PROBLEM: From the records below, give the number of lines that contain the string "Vegan", without any other text.

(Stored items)
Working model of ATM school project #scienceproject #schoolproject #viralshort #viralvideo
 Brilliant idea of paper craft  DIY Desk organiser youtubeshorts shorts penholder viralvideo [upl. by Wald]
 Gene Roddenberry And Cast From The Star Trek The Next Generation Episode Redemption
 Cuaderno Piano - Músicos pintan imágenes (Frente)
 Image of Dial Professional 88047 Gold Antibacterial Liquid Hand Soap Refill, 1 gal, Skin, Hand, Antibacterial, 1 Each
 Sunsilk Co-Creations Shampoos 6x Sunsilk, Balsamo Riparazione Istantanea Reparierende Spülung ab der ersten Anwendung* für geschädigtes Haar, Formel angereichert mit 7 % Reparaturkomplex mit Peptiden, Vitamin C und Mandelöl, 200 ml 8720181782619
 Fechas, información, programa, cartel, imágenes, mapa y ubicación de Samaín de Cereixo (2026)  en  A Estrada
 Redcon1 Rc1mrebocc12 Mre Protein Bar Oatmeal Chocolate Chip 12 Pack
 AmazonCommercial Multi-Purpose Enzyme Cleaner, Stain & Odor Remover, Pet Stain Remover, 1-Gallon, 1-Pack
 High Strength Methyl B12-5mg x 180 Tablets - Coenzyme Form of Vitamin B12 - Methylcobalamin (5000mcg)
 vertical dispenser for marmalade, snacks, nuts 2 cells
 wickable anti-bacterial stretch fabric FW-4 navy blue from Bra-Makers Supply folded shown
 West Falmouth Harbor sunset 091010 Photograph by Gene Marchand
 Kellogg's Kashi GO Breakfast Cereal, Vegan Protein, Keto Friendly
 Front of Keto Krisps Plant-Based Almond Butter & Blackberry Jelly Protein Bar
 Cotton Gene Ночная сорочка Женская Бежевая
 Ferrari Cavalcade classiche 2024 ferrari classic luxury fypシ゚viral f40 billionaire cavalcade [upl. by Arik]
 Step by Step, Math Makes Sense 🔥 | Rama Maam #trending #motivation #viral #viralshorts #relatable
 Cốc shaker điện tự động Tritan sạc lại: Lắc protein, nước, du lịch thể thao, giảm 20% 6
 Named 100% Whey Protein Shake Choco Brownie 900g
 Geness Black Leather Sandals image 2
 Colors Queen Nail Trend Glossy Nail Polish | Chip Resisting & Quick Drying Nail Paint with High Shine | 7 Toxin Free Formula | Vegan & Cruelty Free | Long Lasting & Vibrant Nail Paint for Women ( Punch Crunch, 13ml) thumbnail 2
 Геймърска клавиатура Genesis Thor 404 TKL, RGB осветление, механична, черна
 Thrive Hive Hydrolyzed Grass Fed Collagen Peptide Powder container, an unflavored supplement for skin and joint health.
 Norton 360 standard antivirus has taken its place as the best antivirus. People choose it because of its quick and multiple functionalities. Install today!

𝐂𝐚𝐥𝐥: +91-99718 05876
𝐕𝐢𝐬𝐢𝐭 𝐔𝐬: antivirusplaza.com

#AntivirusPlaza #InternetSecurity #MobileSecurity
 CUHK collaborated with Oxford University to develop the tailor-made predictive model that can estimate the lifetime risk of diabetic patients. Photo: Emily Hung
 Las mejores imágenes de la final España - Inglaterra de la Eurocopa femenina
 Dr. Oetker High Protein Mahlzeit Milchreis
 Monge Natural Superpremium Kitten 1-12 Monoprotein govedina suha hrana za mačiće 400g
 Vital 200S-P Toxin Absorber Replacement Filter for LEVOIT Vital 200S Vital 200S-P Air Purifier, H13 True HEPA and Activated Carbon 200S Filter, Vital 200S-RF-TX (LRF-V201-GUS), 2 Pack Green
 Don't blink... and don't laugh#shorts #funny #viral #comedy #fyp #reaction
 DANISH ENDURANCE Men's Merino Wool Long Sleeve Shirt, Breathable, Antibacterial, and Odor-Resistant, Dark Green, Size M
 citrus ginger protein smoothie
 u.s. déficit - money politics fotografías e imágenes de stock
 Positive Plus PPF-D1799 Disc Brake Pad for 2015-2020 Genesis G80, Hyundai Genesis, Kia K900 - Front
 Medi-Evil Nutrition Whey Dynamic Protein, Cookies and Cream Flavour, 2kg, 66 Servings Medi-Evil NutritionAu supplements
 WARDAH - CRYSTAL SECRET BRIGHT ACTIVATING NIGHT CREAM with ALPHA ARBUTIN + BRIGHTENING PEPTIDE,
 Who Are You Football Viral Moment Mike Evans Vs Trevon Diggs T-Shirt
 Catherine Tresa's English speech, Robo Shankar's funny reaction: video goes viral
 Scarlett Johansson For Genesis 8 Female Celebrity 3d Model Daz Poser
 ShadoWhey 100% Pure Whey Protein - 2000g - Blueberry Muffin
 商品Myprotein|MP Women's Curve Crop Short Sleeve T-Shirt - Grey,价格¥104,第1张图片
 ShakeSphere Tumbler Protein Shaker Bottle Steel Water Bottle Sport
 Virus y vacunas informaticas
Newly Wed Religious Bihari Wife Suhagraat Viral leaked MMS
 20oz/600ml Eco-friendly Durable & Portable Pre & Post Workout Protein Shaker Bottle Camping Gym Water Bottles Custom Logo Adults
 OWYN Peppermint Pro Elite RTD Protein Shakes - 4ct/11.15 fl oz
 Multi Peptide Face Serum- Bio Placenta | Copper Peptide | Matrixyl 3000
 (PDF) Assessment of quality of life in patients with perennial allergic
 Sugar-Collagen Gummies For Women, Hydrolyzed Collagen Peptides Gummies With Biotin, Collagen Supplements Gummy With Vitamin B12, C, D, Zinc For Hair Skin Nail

REPLY TO THE EXERCISE: 2